A couple of hours later, Kaplan posted on his wildly popular Chicago National Organization for Women blog that it wasn’t a done deal (though neither story had claimed that the final deal had been negotiated) but his “sources” indicate it was getting close. You know, like close enough to send an outline of the potential deal to MLB, for example.
The rest of the local and national media decided to boldly ignore Kaplan’s warning and started to report on the story.
Then, today, Reuters reported that the Tribune had come to terms with Marc Utay’s group, too.
This seems possible, considering that somebody had told us the day before that there was no formal agreement between Ricketts and Zell, so what would there be to stop Zell from getting another “handshake” deal with another bidder? Who was that who told us nothing formal was in place with Ricketts? Oh, yeah, it was Dave Kaplan. So why wouldn’t they still be talking to Utay, too?
But then he posts this (and his headline writing skills are for shit):
All of the Misinformation Out There About the Sale of the Cubs
There is so much misinformation regarding the sale of the Chicago Cubs from Tribune Company that I have to set the record straight and separate fact from fiction.

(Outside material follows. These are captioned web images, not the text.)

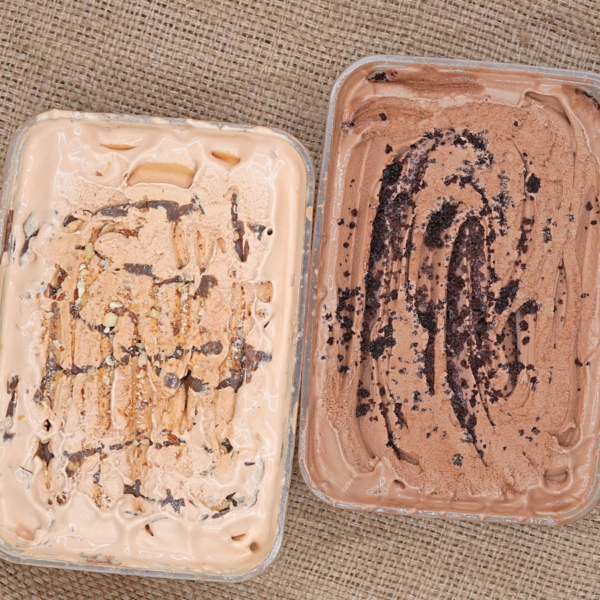 Chocolate chip ice cream 1 liter creamy frozen dessert with chocolate pieces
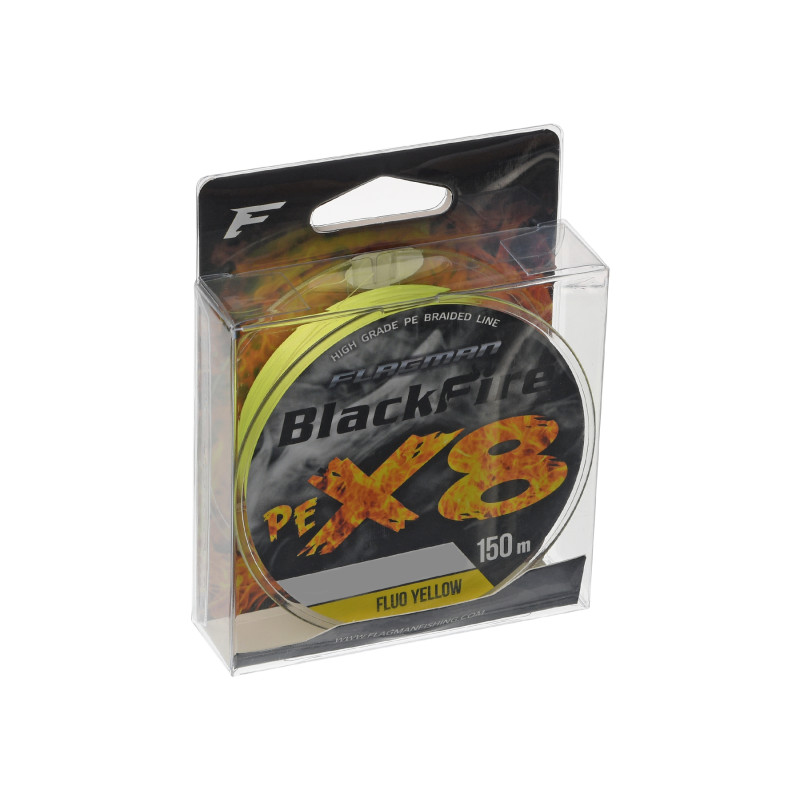 Шнур Flagman Blackfire PE X8 150м Fluo Yellow #1 0.165мм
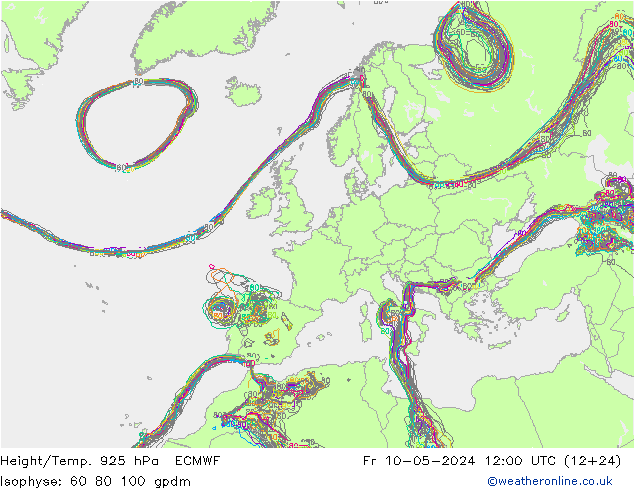 Height/Temp. 925 hPa ECMWF Fr 10.05.2024 12 UTC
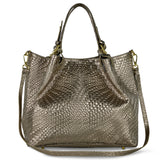 Italian Genuine Grid Metallic Suede Top-Handle Bag 112615 - TAKEASY - Flyclothing LLC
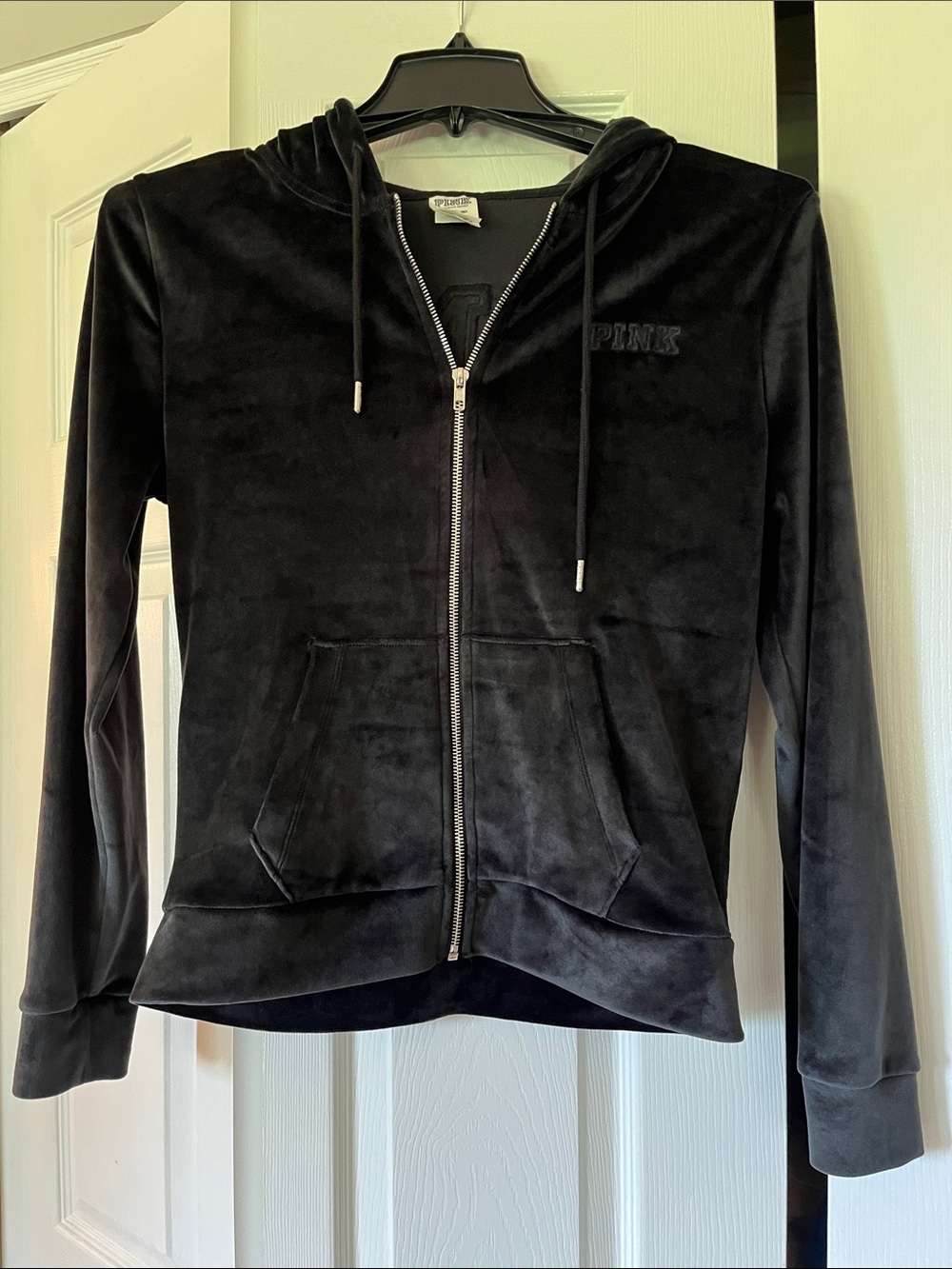 PINK Victoria's Secret Black Velour Zip Hoodie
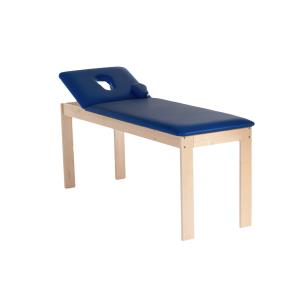 Table d’examen en bois Ponto avec dossier réglable - bleu foncé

First, here is the fiction reported in a Reuters story this morning that is loaded with inaccuracies. The story quotes anonymous sources that say the Tribune has reached an agreement on the terms for a sale of the team to a group led by private equity investor Marc Utay.
That is 100% incorrect.
It’s kind of hard to believe that Reuters just made up the story. But Kap is so sure he’s claiming it’s 100 percent incorrect. It’s not like 40 percent wrong, it’s all wrong. Take that Reuters!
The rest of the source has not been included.